- Born: 1978 (age 47–48) San Francisco, California, U.S.
- Other name: Miss California 2003
- Years active: 2003

= Nicole Lamarche =

American minister (born 1978)

Nicole Lamarche (born 1978) is an ordained minister in the United Church of Christ (UCC) and a beauty pageant titleholder who was crowned Miss California 2003. Competing in the Miss San Francisco Pageant in 2003, she won the title and went on to win Miss California 2003 and became the Fourth Runner Up to the title of Miss America 2004. She was the swimsuit winner and although she decided to wear high heels during this segment of the competition it was erroneously reported by an ESPN columnist that she competed barefoot. This is most likely due to pictures of her competing in the Miss California swimsuit segment not wearing high heels, as the contestants normally do. She earned over $26,000 in scholarships.

She earned an MA in theology from the Graduate Theological Union in Berkeley, California, and a Master of Divinity from the Pacific School of Religion.

Lamarche spoke publicly about Miss California USA Carrie Prejean's controversial answer regarding gay marriage. Lamarche was featured on Larry King Live to discuss the topic.

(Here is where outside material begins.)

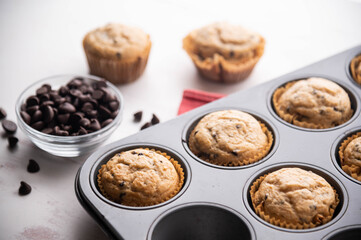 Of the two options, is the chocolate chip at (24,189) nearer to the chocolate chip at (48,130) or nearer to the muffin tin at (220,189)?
the chocolate chip at (48,130)

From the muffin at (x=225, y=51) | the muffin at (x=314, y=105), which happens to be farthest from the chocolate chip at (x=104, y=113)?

Lamarche served as pastor for the Cotuit Federated Church on Cape Cod from 2007 until 2010. She subsequently relocated to Northern California, where she founded a new UCC congregation, the Silicon Valley Progressive Faith Community, in San Jose, now called Urban Sanctuary. She served as the congregation's Founding Pastor until 2018. In 2019 she became minister of Community UCC in Boulder, Colorado.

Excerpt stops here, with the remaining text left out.